I was reading through Psalm 50 today, and the last part of it struck me.
“What right have you to recite my laws
or take my covenant on your lips?
17 You hate my instruction
and cast my words behind you.
18 When you see a thief, you join with him;
you throw in your lot with adulterers.
19 You use your mouth for evil
and harness your tongue to deceit.
20 You sit and testify against your brother
and slander your own mother’s son.
21 When you did these things and I kept silent,
you thought I was exactly like you.
But I now arraign you
and set my accusations before you.
22 “Consider this, you who forget God,
or I will tear you to pieces, with no one to rescue you:
23 Those who sacrifice thank offerings honor me,
and to the blamelessI will show my salvation.”

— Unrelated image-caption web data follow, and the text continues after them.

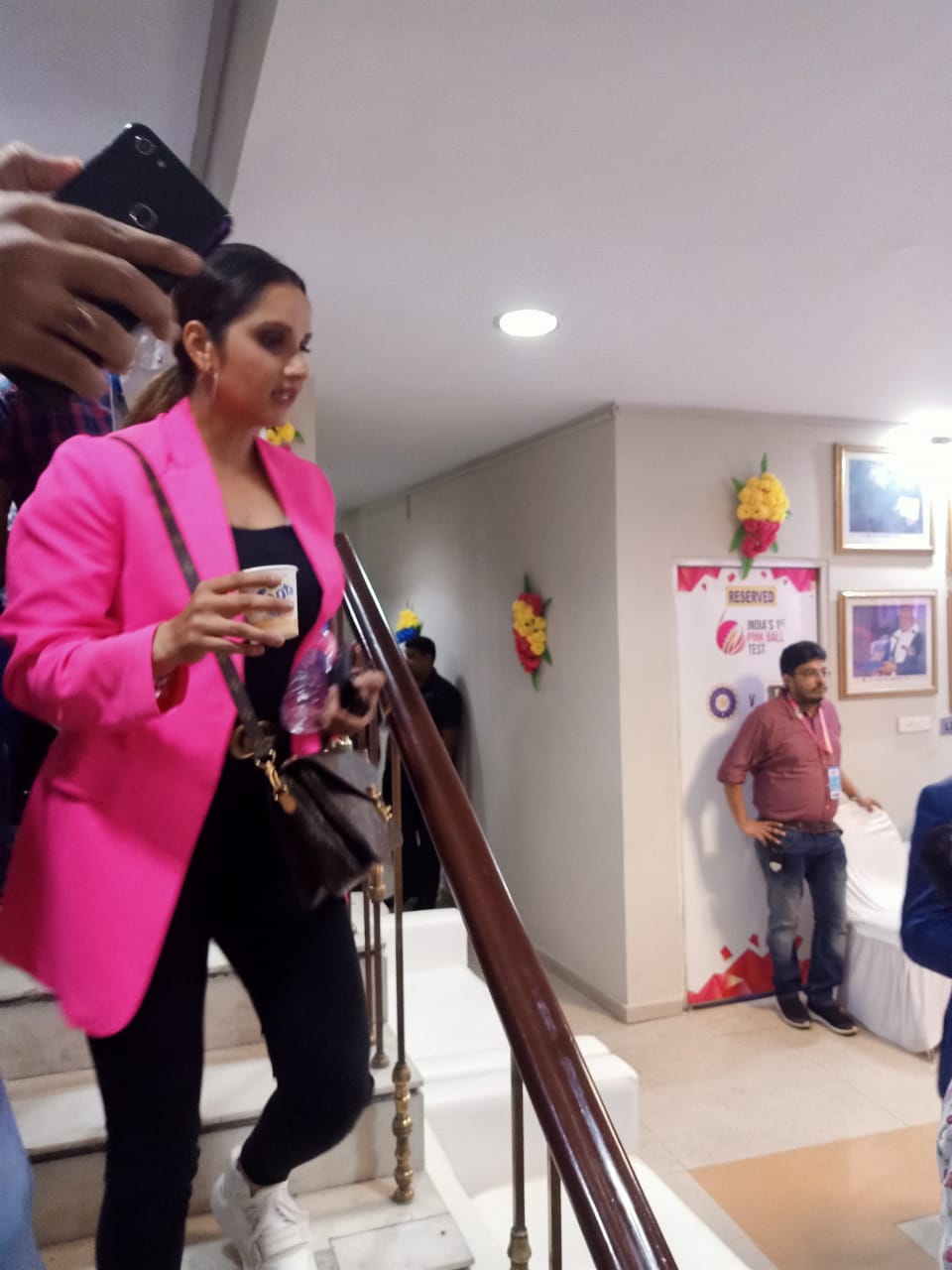 গোলাপি বলের চমক দেখতে ইডেনে উপস্থিত এক ঝাঁক তারকা গোলাপি বলের চমক দেখতে ইডেনে উপস্থিত এক ঝাঁক তারকা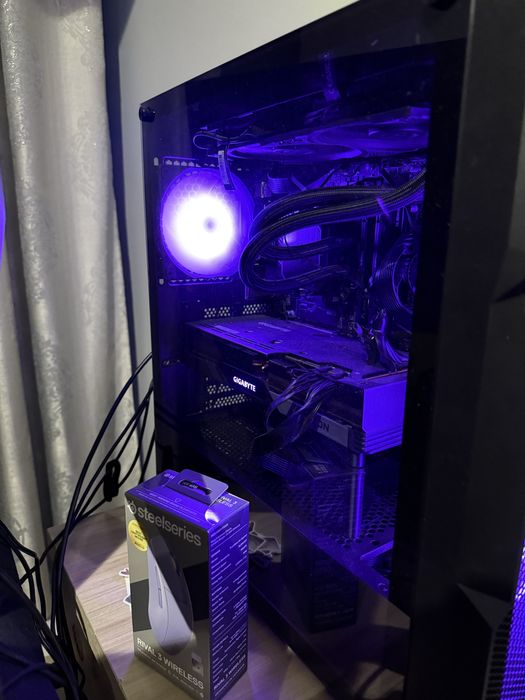 Komputer Gamingowy RX7800XT RYZEN7 9700X Całe Stanowisko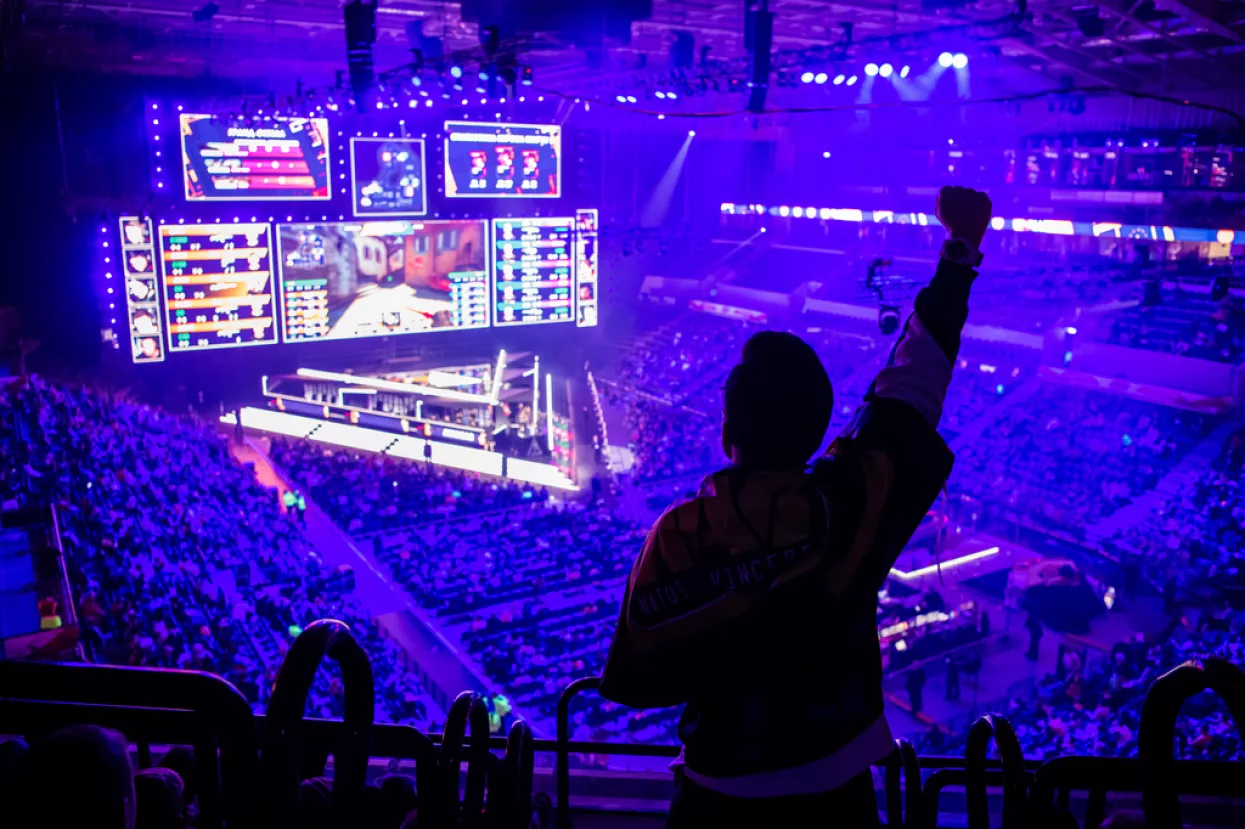 Infografika: Tko vi&scaron;e vrijedi - e-sport timovi ili sportski klubovi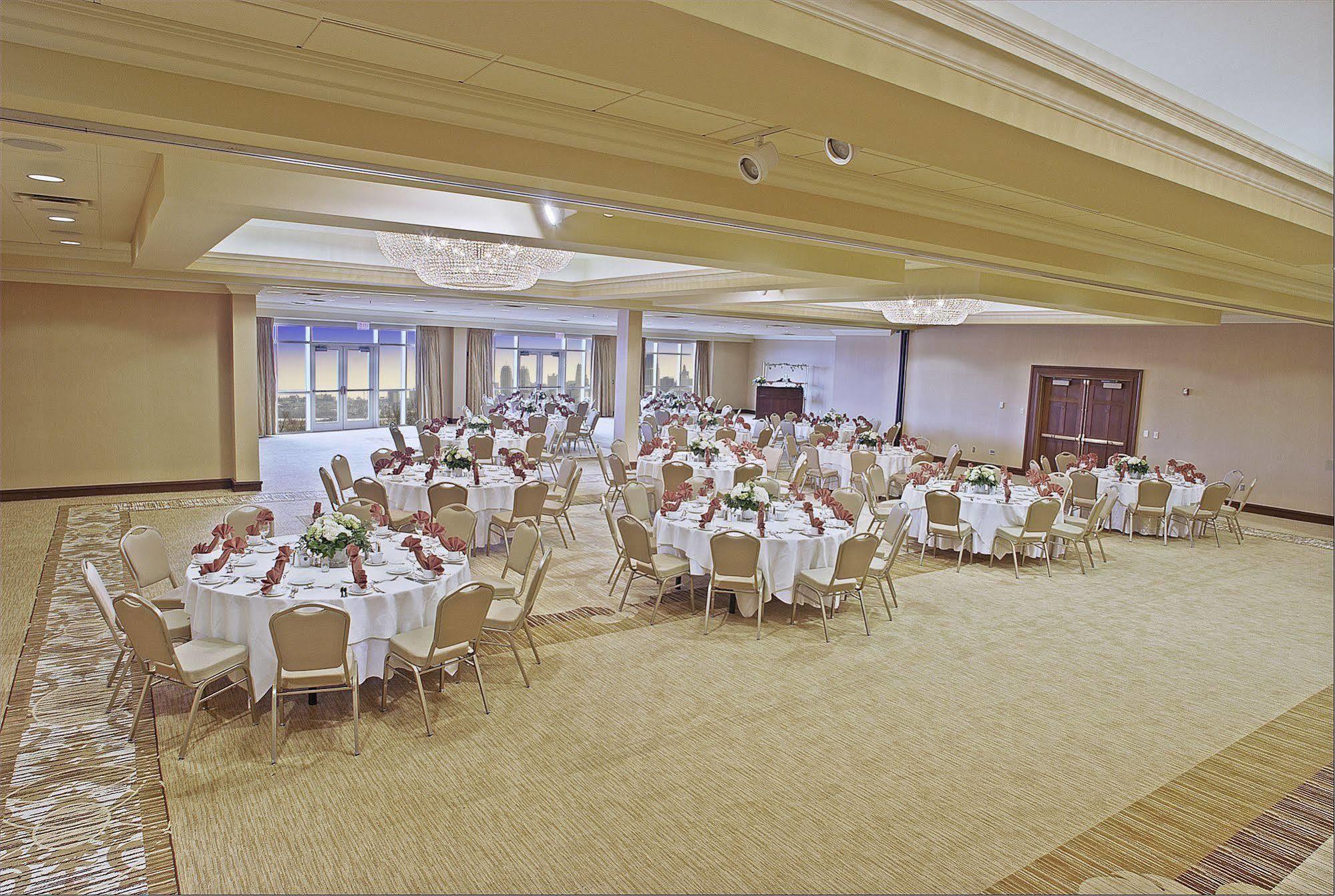 Argosy Casino Hotel & Spa Riverside Bagian luar foto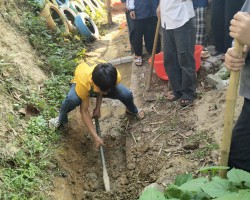 Học sinh trường PTDTBT THCS Keo Lôm dọn vệ sinh chuẩn bị Lễ tổng kết năm học.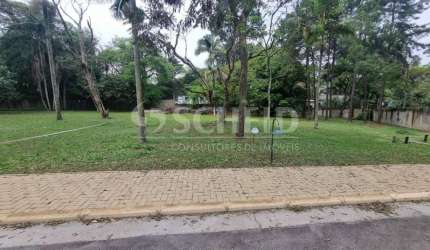 Terreno em Condomínio Fechado no Alto da Boa Vista de 819,53m2 com compensação ambiental aprovada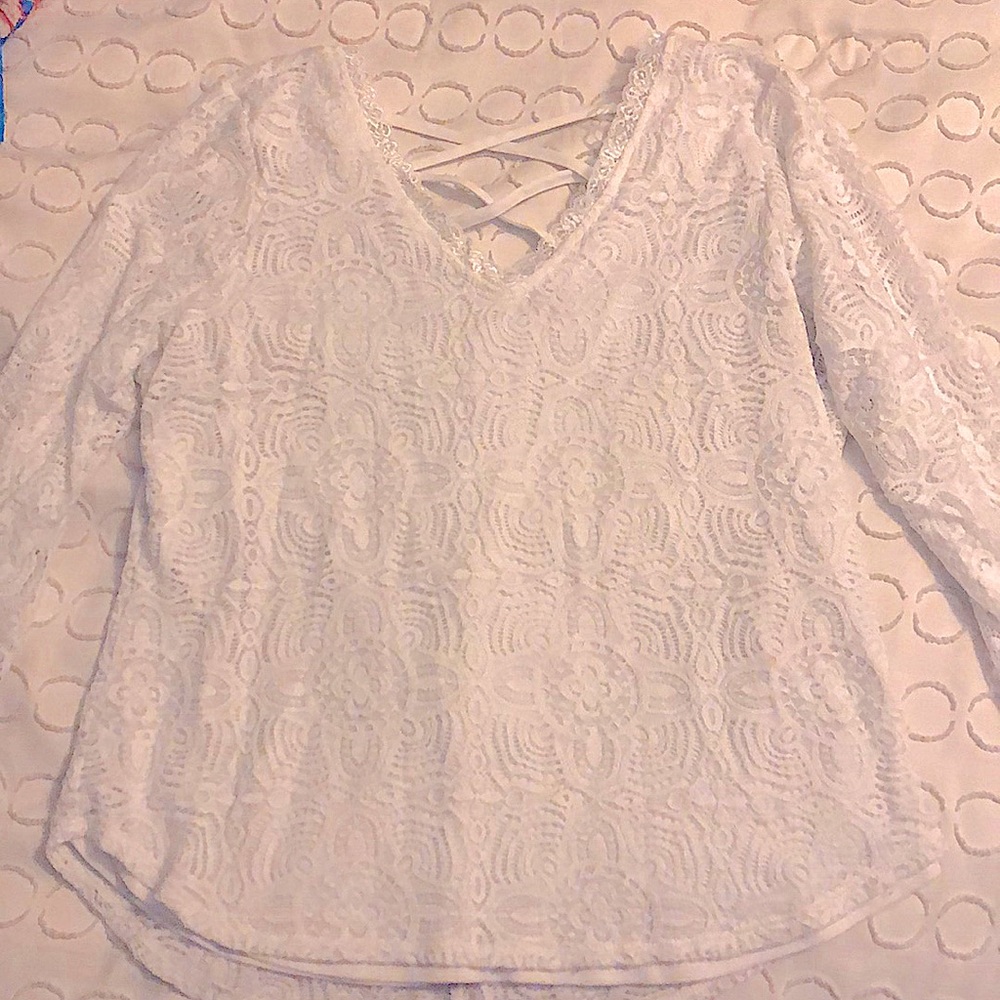 Long-sleeved blouse.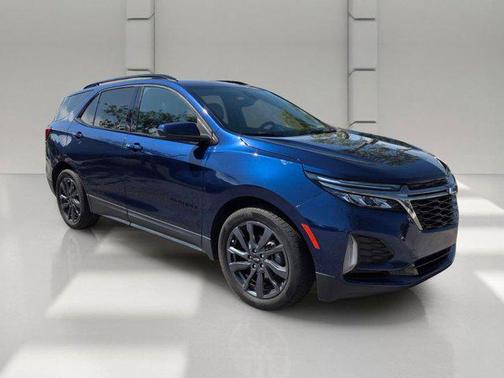 Blue Glow Metallic 2022 Chevrolet Equinox FWD RS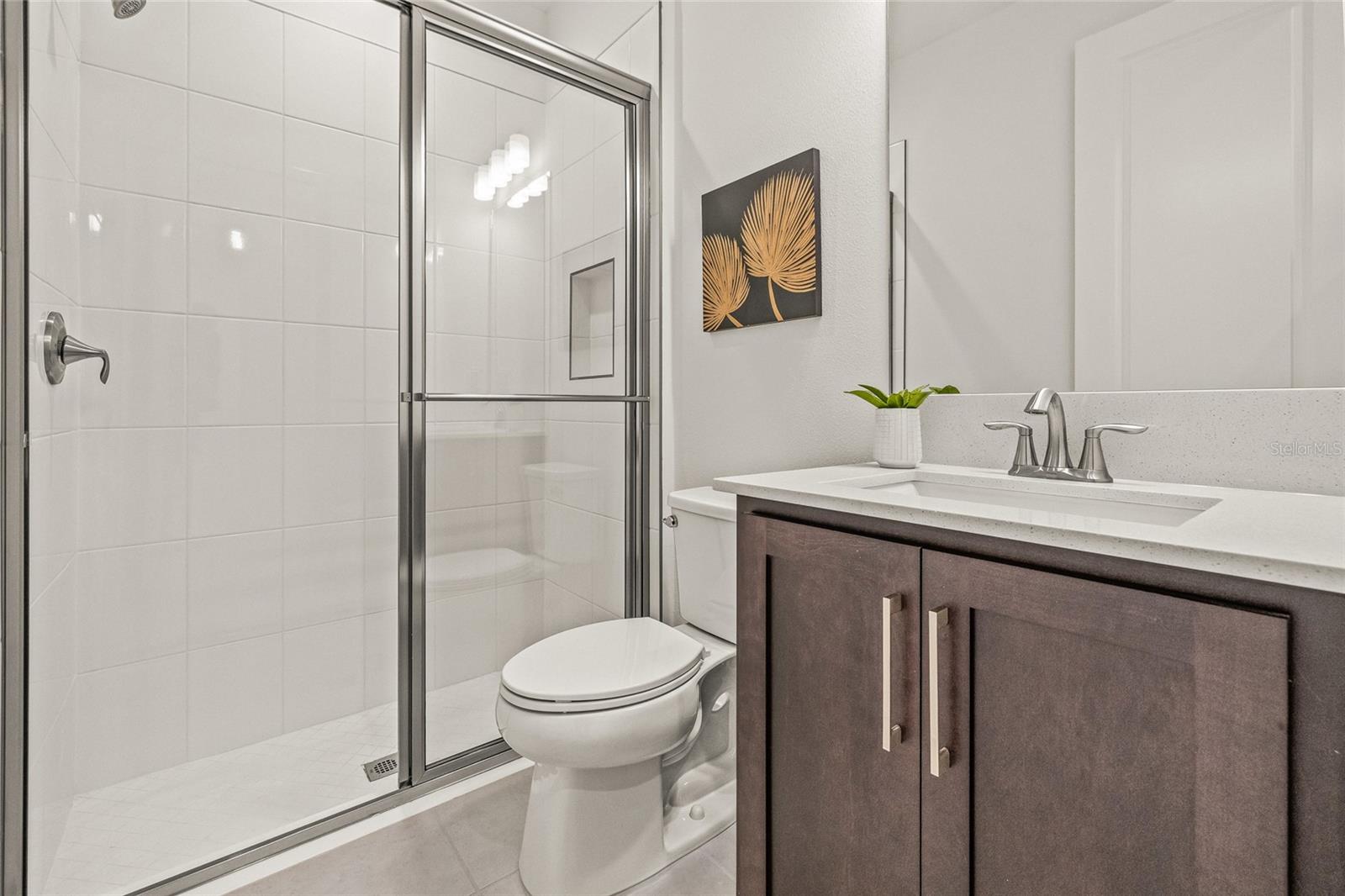 VALENCIA RIDGE PHASE 2B - Residential Lease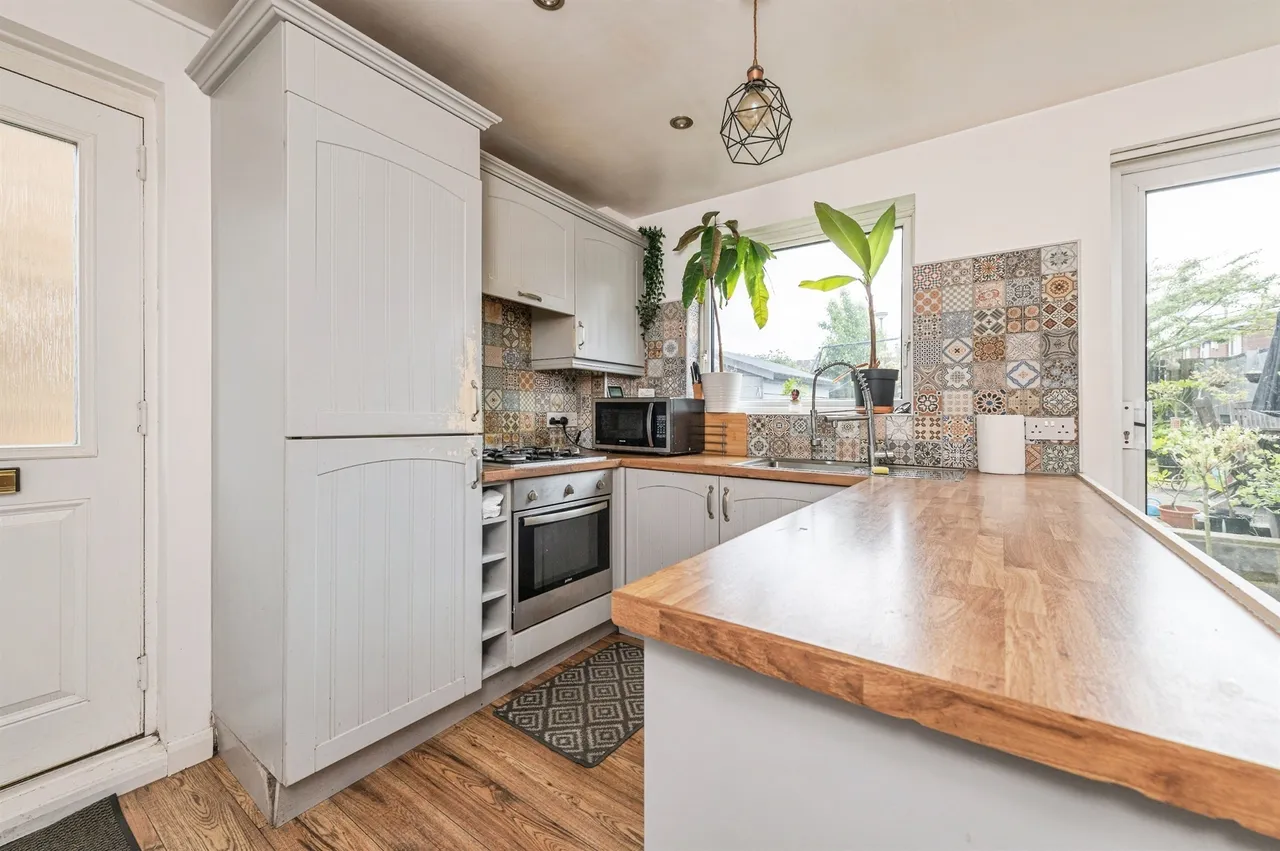 Chalcroft Close, Heckmondwike, WF16, photo 2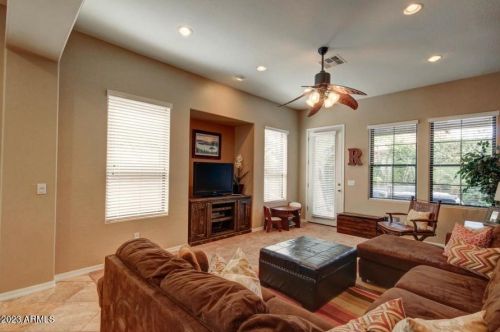 1434 Homestead Ct, Chandler AZ  85286-7002 exterior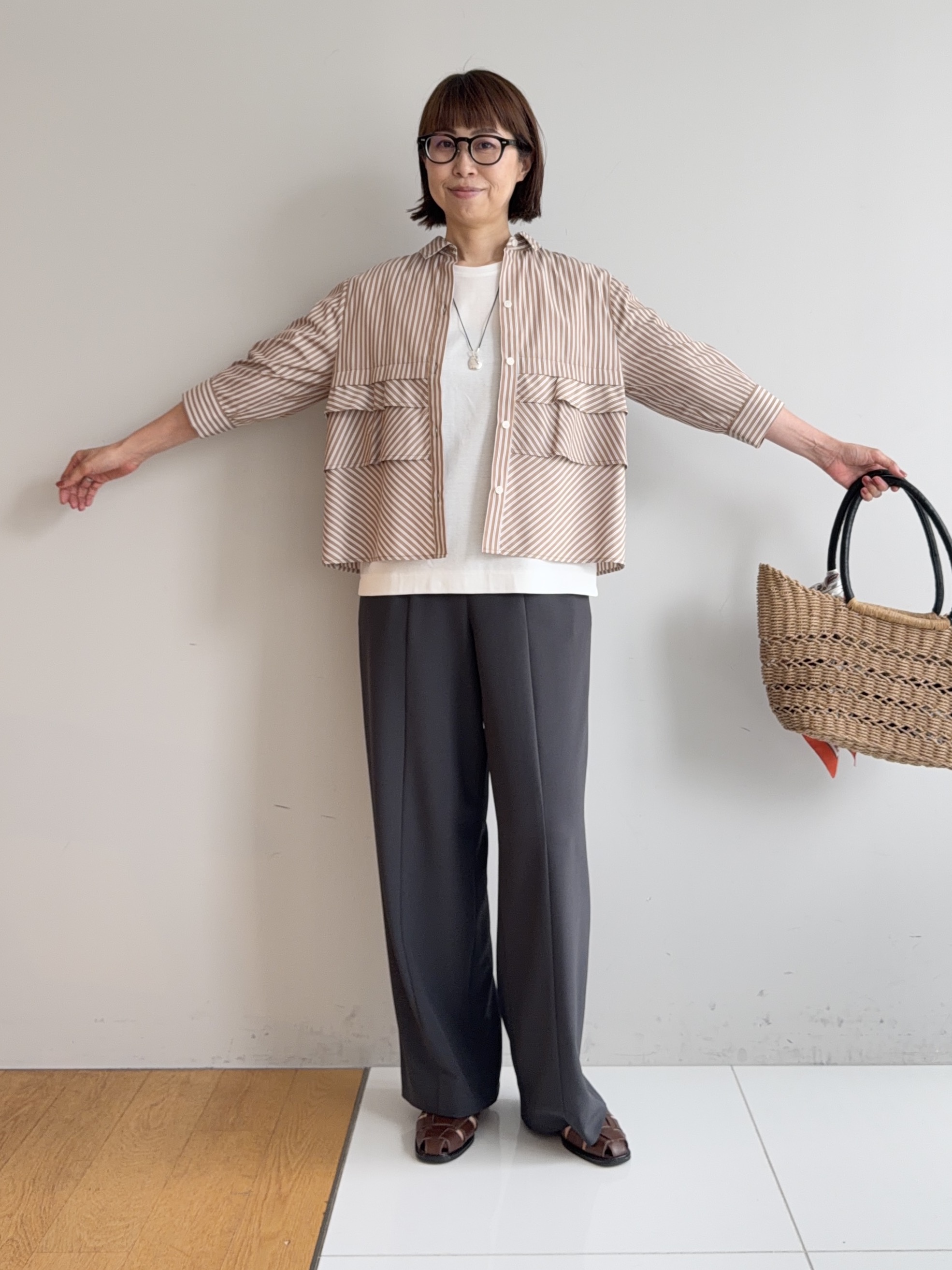 murayamaさんの「INDIVI｜【UVケア／吸汗速乾／着映え】ティアードストライプシャツ」を使ったコーディネート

Many times we do things, thinking that by it we are pleasing God. But really, what He desires, we do not do. If you ask me whether I want to know God, I’d raptly reply yes. Yet with hundreds of books I’ve read, the words of God was the one book I started and not finished. Tens of thousands of pages I’ve read, yet not couple hundred pages of the Bible. Sure I delight in His instruction. I delight in the superiority of the moral standard it entails. Yet I do not feel compel to ingrain it in my life. Yes through Christ we have salvation. But to be born again entails death to the old and birthing of the new. Even then I hold on to the past, I have things that I cannot let go. Dark places in the heart that I wish not it be seen. We can keep on waiting and waiting, asking God to change us, yet we move not. We do a lot of things in church, thinking that it pleases God. And when He is silent, we take it for approval. And overtime, we made God in our image. If we feel He is distant, it is because we are distant. We can wait and wait, and keep asking for God to change us. But if we don’t do our part, He cannot do His. For in surrendering, we are not asking to become puppets, but our will becomes a sail, gently guided by His breath. When the songs we sing, become the meditation of our hearts. When the vows we make, becomes a reality. When the words we say, become genuine praises of thanksgiving. We will have been different. Reaching on to perfection. Full of righteousness and truth. The road is hard, and the path is tough. For we wage war against ourselves, against everything we’ve ever known, everything we’ve ever been accustomed to. But we are not alone. If God is with us, who can be against us. So I continue to press on. I stumble. I fall. I stand up again. I will not stop until I run to the finish line. And there to see Him face to face and there to hear Him say, well done.